The purpose of life insurance is to transfer the risks we are not willing to take or can’t take to someone, or a company, willing to take the risks for us for a fee. This leads us to three questions we should always ask ourselves when planning for life insurance — how much do I need, for how long, and how much can I afford? Life insurance is NOT AN INVESTMENT! It is a tool to be used to bring us peace of mind that our loved ones will be provided for (There are some specialized insurance programs used for advanced estate or business planning we can explore at a later time).

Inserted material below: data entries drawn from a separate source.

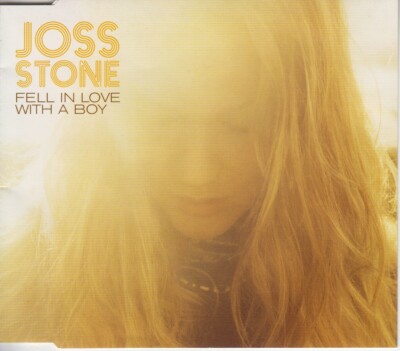 Joss Stone - Fell In Love With A Boy (2004) vg+-image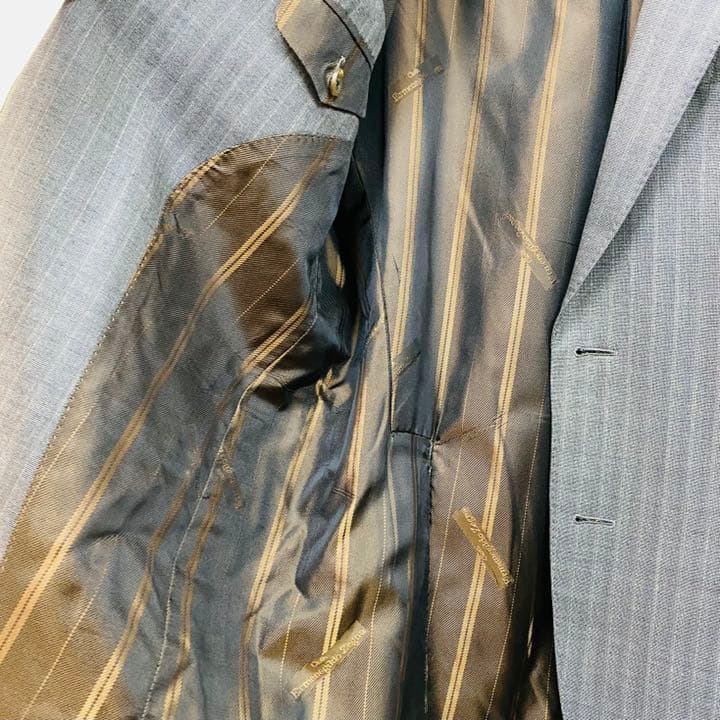 ゼニア　グレー　スーツ　トロフェオ600 セットアップ　i9578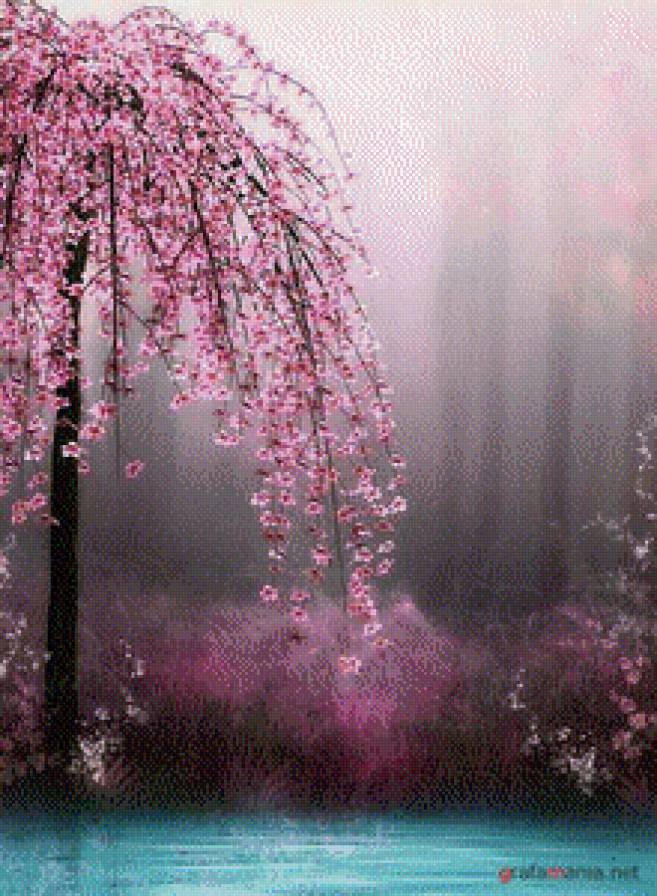 розовый туман - предпросмотр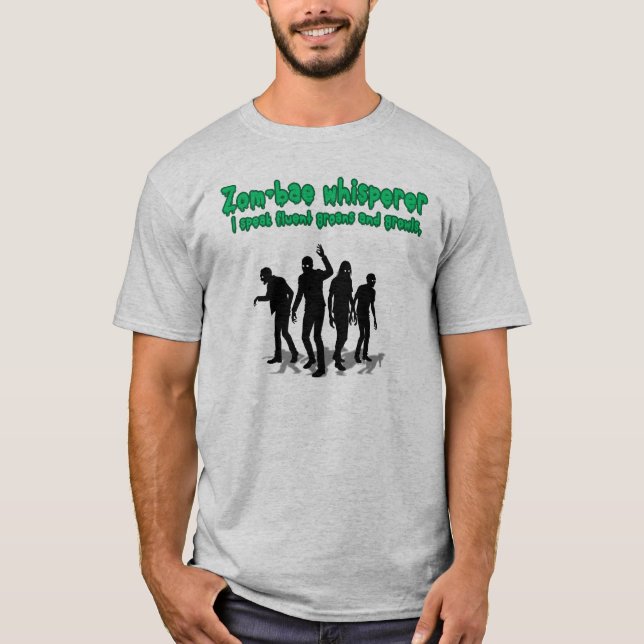 Camiseta When you love that special Zom-BAE (Frente)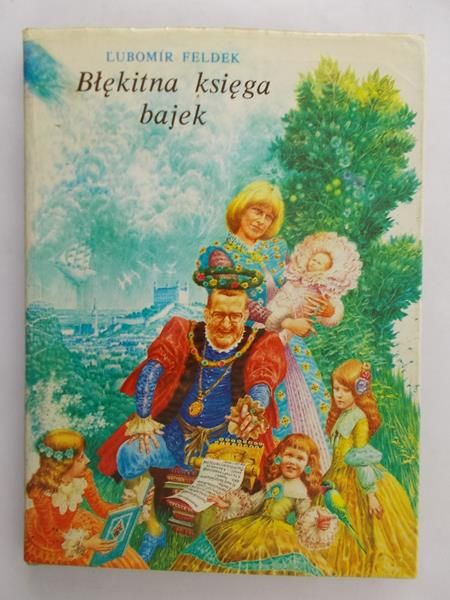 Feldek Lubomir - Błękitna księga bajek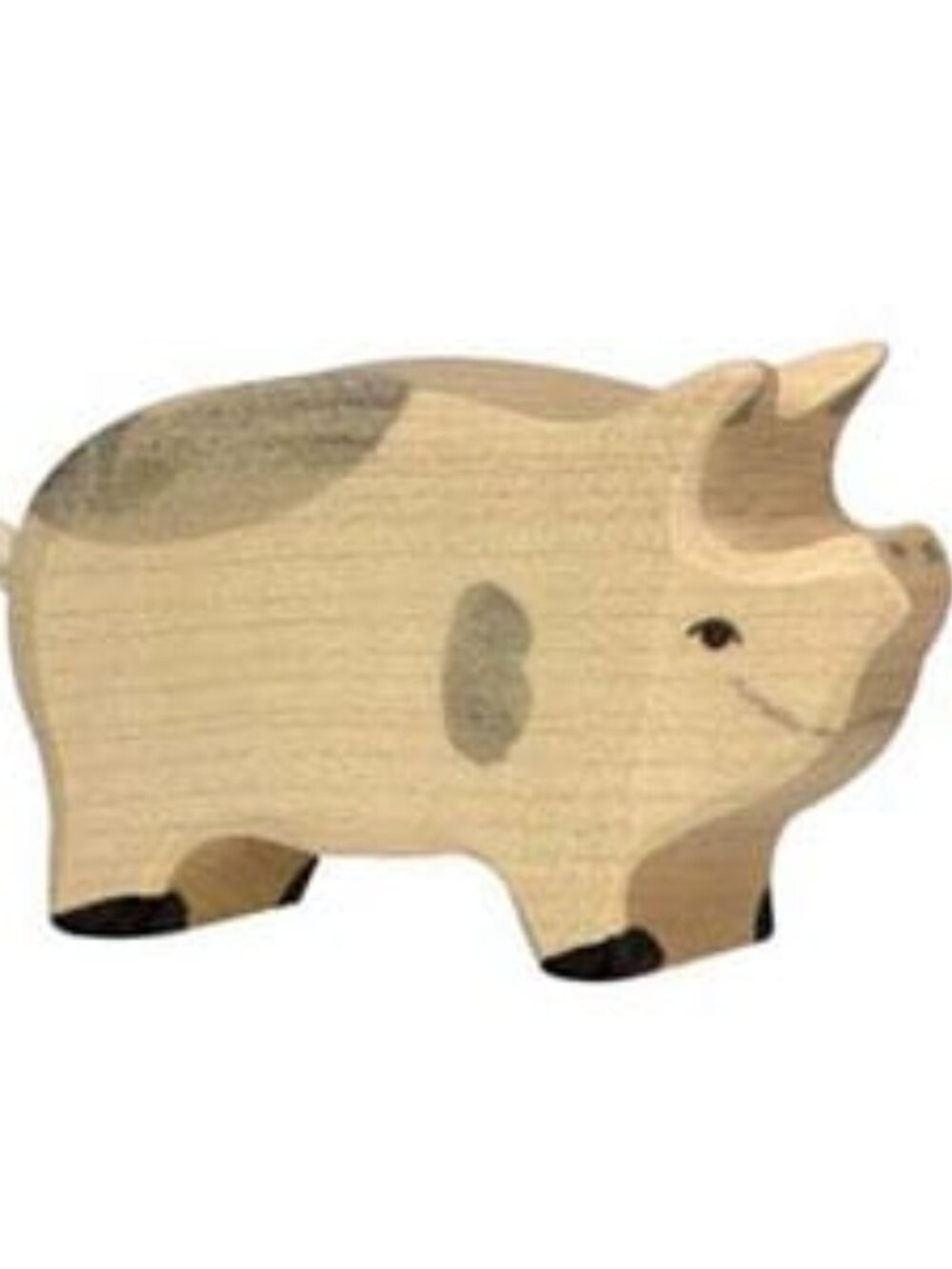 NWT Holztiger Wooden Toys Dappled Piglet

Life insurance should also be a part of your financial plan. In fact, life insurance may be the underpinning foundation for every financial plan. Saving and investing to care for our needs and the needs of our family is a good thing. But if we do not live long enough to accumulate sufficient assets to care for our family needs, insurance becomes a viable option. However, there is a fine line between what is enough without taking away the provisions of God. God is the ultimate provider.
Anyone who does not provide for their relatives, and especially for their own household, has denied the faith and is worse than an unbeliever (1 Timothy 5:8).
Be sure to hire professionals and not amateurs. Typically, insurance is “sold” rather than “bought” — there is a difference. We have a saying in our profession that if someone is wearing a suit — especially in Georgia or South Carolina in the summer — they are trying to sell you something. Avoid salespeople when you can. Many types of insurance products need to be considered. Your financial advisor can assist you in determining your insurance needs, or he may refer you to third-party professionals to assess your needs. Then only buy what you need.
I hope the information provided will assist you in making wise, godly decisions regarding your taxes and insurance. I am happy to provide any additional information or clarification if needed.